- Abbreviation: ÄQÜ
- Chairman: Zharmakhan Tuyakbay
- Founded: 20 March 2005; 21 years ago
- Ideology: Populism
- Member parties: QKP; Nağyz Aq Jol; QDT;

= For a Just Kazakhstan =

Kazakh former electoral alliance

For a Just Kazakhstan, or For a Fair Kazakhstan (ÄQÜ), (Note: ) was an electoral alliance that was founded by the Communist Party of Kazakhstan, the Naghyz Ak Zhol and the Democratic Choice of Kazakhstan as an opposition coalition to nominate a single candidate in the 2005 presidential elections.

The electoral alliance was led by Zharmakhan Tuyakbay, the former chairman of Mäjilis and deputy chairman of ruling Otan party.
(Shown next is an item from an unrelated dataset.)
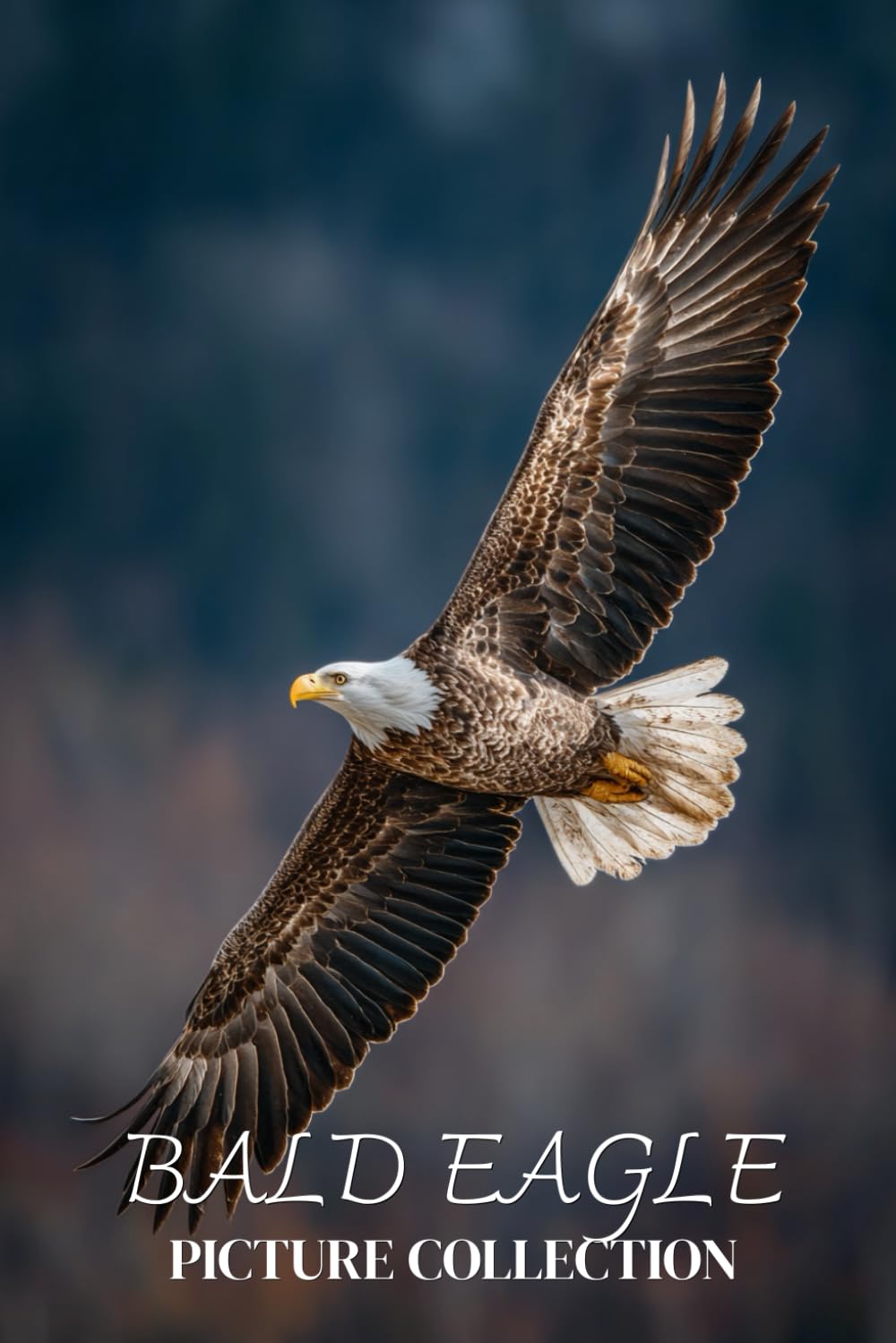 Bald Eagle Photo Collection: Beautiful Full-Page Pictures of Bald Eagles and Eaglets for All Ages (Simple Photo Books).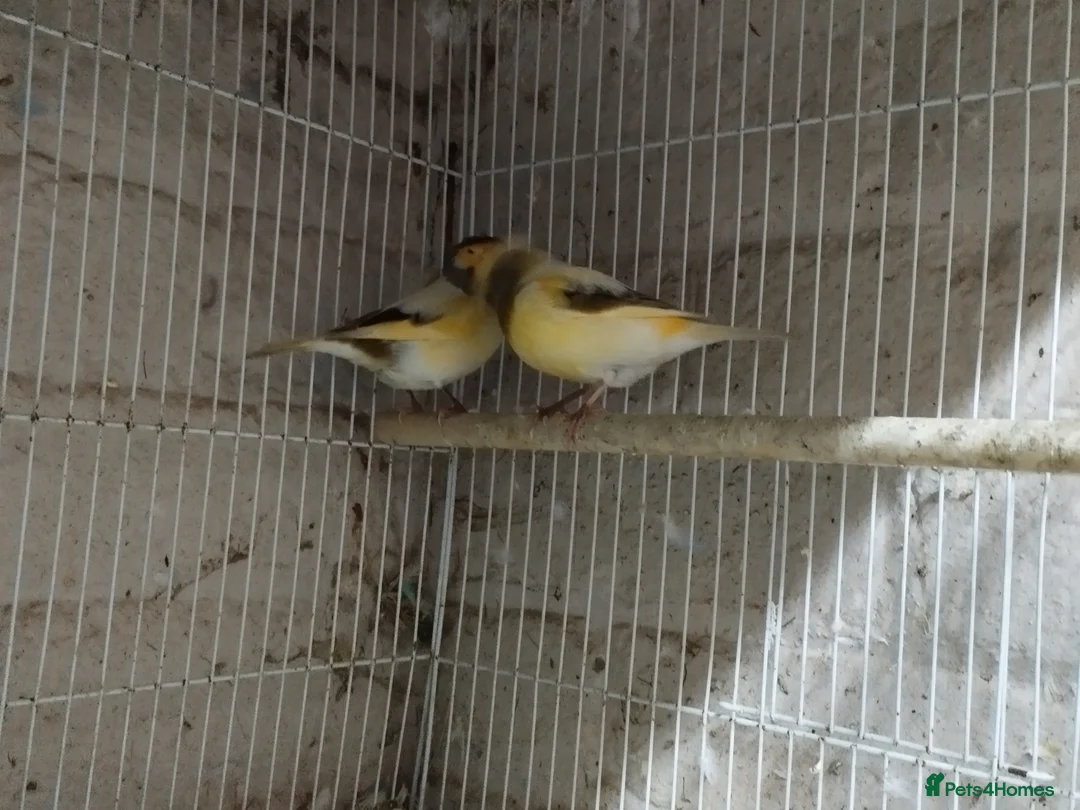 Canaries birds for sale: Canary's, green finch, silver, jarva sparrows  - Advert 4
Tuyakbay resigned from his parliamentary post after 2004 legislative election citing widespread irregularities and election fraud. He joined the loose opposition bloc and became the coalition's candidate for the presidential elections. After the elections, he founded the Nationwide Social Democratic Party in September 2006.

ÄQÜ advocated democratization of the political system, election of regional governors, investigation of corruption cases involving the family of the president Nursultan Nazarbayev and the fair redistribution of national wealth.